Our research revealed a 30% disparity in wellbeing scores between those that have had positive and negative experiences during their time in education. That means, if you have a bad time at school because you didn’t fit in, you were bullied, or mainstream academia wasn’t right for you, it could leave you feeling 30% less happy long after you’ve left. That could include feelings of stress, issues surrounding confidence, depression – even thoughts about suicide.
So how did we get to that figure? We carried out our research on a nationally-representative sample of 1,000 UK adults. We asked them 14 statements relating to wellbeing and quizzed how various lifestyle factors – such as how active they are, their financial confidence, relationships, and education – could affect them.
Those respondents who felt they’d had a positive experience of the education system – regardless of their current circumstances and lifestyle – displayed much higher wellbeing scores (6.92/10 on an index) than those who felt traditional education didn’t help them to achieve their potential (4.92/10).

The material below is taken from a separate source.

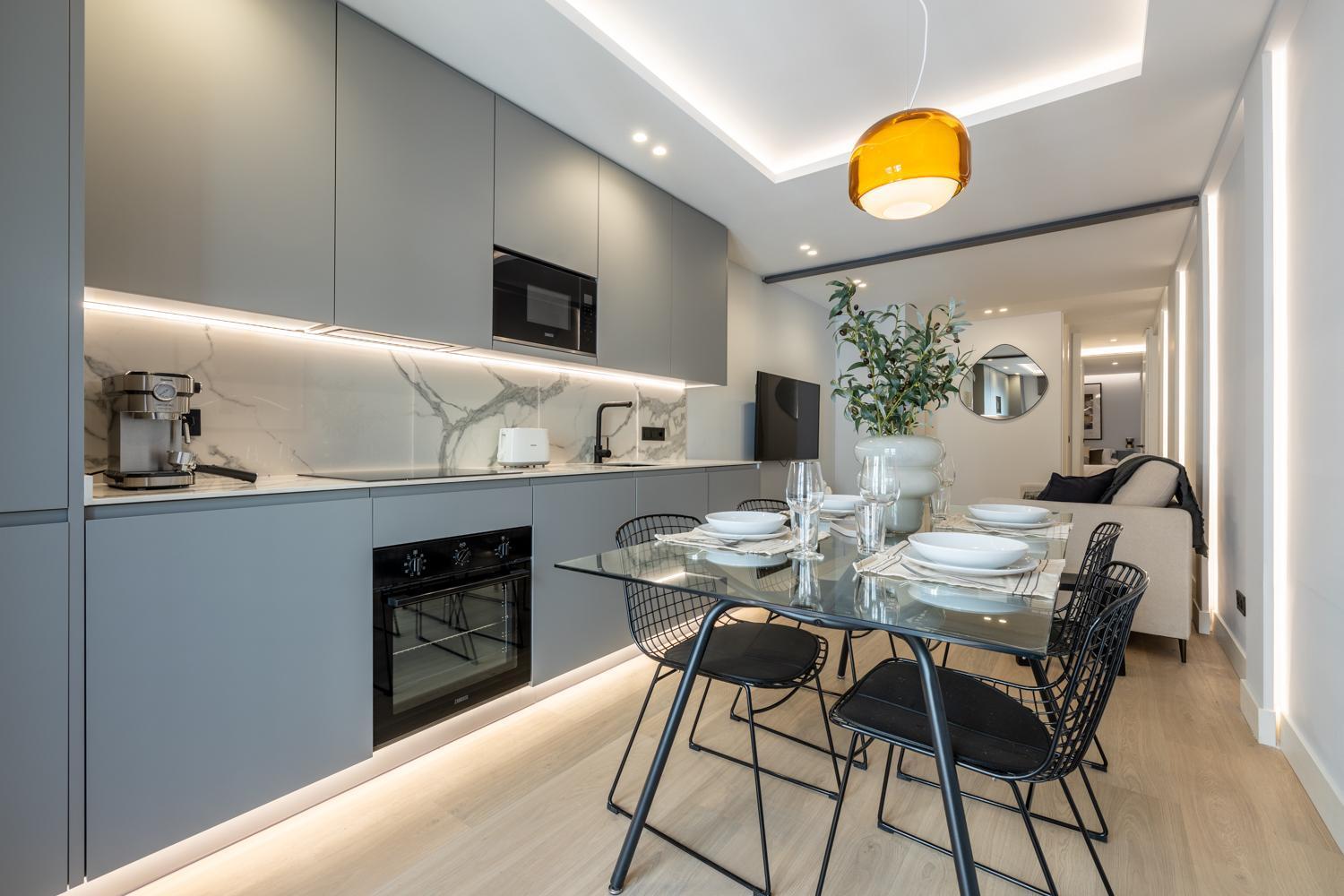 Apartment Gran Via I Calle De Silva 2br 2bh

The average Brit scored 6.13/10 on an index for their overall wellbeing.
The figures add to an already developing picture. Previous studies have revealed that schools are failing to support the mental wellbeing of youngsters in their care, with a 2015 report by think-tank, Demos, showing that final year students are three times as likely than 14-year olds to feel their school is only focused on preparing them for exams, rather than to succeed in life more generally.
Another report from Kings College London reveals that being bullied frequently as children leads to an increased risk of depression or anxiety – and that those people are more likely to report a lower quality of life at 50.
Clearly there is much to be done, but there are rays of hope. Almost 22% of respondents in our study cited a place of study or work as being the place where they encounter the highest feelings of wellbeing. So we just need to work at replicating this on a wider scale. And much of that comes down to understanding young people better and making sure they get the right educational fit.